Zudem sind diese Einrichtungen aufgrund ihrer Gemeinnützigkeit einer strikten steuerlichen Kontrolle unterworfen und dürfen keine Gewinne erwirtschaften. Ihre Finanzierungs- und Gehaltsstrukturen unterliegen damit einer Vielzahl von öffentlich-rechtlichen Beschränkungen, die deutlich über den Anforderungen des Tariftreuegesetzes liegen.
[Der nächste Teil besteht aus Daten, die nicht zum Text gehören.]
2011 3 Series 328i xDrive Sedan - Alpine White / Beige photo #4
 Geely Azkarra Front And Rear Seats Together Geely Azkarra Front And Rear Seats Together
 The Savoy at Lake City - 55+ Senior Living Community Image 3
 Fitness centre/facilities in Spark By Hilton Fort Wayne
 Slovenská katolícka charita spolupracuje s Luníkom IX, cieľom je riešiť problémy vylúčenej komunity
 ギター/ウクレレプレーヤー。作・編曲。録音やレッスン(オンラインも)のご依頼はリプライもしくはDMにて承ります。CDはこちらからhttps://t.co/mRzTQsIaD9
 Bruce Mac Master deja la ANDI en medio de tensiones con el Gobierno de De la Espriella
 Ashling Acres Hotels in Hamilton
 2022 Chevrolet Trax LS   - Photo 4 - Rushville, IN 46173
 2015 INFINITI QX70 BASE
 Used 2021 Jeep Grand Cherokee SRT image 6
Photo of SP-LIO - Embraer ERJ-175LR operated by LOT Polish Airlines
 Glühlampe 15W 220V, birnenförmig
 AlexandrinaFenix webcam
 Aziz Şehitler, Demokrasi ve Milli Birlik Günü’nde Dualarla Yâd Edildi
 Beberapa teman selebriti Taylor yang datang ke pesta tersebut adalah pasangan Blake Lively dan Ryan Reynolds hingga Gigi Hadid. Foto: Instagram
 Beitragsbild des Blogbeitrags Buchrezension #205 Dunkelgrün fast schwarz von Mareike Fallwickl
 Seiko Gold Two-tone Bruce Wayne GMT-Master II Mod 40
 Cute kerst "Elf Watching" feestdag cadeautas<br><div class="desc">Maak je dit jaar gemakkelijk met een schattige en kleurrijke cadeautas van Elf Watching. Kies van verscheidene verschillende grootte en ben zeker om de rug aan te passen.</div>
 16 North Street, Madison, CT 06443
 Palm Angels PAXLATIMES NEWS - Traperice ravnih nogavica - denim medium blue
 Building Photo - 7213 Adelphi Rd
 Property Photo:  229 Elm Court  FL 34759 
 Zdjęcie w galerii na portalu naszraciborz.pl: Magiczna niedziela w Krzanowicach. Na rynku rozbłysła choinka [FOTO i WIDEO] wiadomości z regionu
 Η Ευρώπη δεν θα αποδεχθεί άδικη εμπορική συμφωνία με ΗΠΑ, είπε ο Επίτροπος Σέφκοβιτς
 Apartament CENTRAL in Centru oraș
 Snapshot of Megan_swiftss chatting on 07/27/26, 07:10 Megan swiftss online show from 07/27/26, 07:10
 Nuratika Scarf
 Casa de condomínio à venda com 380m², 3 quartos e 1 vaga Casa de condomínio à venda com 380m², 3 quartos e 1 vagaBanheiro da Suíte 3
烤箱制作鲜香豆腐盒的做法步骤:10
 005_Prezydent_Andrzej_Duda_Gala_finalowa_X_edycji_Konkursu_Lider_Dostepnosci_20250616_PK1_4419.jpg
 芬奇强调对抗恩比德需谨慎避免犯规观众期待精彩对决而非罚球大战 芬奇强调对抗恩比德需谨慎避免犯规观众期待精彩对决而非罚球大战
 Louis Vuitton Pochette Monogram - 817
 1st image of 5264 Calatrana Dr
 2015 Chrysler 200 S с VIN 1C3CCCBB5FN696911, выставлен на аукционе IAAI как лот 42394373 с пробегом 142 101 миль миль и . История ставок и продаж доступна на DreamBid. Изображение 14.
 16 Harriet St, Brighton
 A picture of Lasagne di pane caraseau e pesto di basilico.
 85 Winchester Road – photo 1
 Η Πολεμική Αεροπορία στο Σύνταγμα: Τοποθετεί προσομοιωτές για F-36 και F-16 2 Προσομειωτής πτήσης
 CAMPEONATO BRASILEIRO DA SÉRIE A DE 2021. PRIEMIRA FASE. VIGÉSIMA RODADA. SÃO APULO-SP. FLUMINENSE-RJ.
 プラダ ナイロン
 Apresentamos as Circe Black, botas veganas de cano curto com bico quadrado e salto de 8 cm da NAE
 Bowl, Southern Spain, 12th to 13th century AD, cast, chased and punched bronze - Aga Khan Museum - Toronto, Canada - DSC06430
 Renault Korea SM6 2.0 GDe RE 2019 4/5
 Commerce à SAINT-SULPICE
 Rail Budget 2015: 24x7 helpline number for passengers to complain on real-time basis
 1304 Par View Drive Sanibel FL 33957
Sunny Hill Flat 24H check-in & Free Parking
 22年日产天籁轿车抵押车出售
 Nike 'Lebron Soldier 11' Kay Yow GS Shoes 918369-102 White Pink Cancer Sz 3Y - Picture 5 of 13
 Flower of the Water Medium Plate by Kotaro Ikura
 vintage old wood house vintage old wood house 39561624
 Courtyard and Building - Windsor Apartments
Ein zusätzlicher bürokratischer Prüfaufwand durch die Anwendung des Tariftreuegesetzes auf diese Schulträger steht daher in keinem Verhältnis zum möglichen Nutzen. Im Jahre 2024 befanden sich 15.0000 Schülerinnen und Schüler in solchen Umschulungsmaßnahmen (z. B. Bildungsgutschein). Die Ausnahme dient dem erst gar nicht Entstehen von Bürokratie und der Sicherung notwendiger Ausbildungskapazitäten für systemrelevante Berufe. Eine Klarstellung dahingehend bzw. die Aufnahme in die Gesetzesbegründung ist dringend geboten:
„ Dieses Gesetz findet keine Anwendung auf Träger staatlich genehmigter oder staatlich anerkannter Ersatzschulen in freier Trägerschaft, sofern diese gemeinnützig oder in kirchlicher Trägerschaft betrieben werden, Bildungsangebote im Rahmen der Erstausbildung oder Umschulung, insbesondere auch nach dem Zweiten und Dritten Buch Sozialgesetzbuch, durchführen.“
- Bürokratischer Aufwand
Die im Gesetzentwurf vorgesehenen Nachweis-, Dokumentations- und Kontrollpflichten verursachen einen erheblichen Mehraufwand – insbesondere für kleinere Bildungseinrichtungen. Verpflichtungen zur Vorlage eines Tariftreueversprechens, zur Kontrolle von Nachunternehmern und Leiharbeitsverhältnissen sowie die Gefahr von Vertragsstrafen oder Ausschluss aus Vergabeverfahren stellen viele Träger vor personelle und organisatorische Herausforderungen.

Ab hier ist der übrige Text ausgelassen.